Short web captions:
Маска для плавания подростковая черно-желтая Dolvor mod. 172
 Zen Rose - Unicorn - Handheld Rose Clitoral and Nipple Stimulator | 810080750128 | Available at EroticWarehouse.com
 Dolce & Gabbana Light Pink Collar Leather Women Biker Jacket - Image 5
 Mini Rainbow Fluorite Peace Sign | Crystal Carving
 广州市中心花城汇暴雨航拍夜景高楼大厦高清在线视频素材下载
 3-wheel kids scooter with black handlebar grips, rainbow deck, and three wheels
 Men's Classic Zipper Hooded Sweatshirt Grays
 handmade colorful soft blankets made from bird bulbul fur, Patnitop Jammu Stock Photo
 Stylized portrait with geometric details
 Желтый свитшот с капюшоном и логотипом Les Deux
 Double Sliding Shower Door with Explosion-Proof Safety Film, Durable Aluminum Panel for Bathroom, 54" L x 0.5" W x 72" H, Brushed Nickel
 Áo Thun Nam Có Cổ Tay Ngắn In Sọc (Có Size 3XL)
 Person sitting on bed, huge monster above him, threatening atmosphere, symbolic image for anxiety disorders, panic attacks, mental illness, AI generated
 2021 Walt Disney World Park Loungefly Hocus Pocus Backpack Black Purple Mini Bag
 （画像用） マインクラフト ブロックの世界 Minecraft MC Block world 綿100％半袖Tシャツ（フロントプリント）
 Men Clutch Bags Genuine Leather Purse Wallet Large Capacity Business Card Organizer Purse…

- **Aim of the exercise**: What is needed is a word-for-word copy of the records above, from the first line through the line that contains "Желтый свитшот с".

- **Solution**:
Маска для плавания подростковая черно-желтая Dolvor mod. 172
 Zen Rose - Unicorn - Handheld Rose Clitoral and Nipple Stimulator | 810080750128 | Available at EroticWarehouse.com
 Dolce & Gabbana Light Pink Collar Leather Women Biker Jacket - Image 5
 Mini Rainbow Fluorite Peace Sign | Crystal Carving
 广州市中心花城汇暴雨航拍夜景高楼大厦高清在线视频素材下载
 3-wheel kids scooter with black handlebar grips, rainbow deck, and three wheels
 Men's Classic Zipper Hooded Sweatshirt Grays
 handmade colorful soft blankets made from bird bulbul fur, Patnitop Jammu Stock Photo
 Stylized portrait with geometric details
 Желтый свитшот с капюшоном и логотипом Les Deux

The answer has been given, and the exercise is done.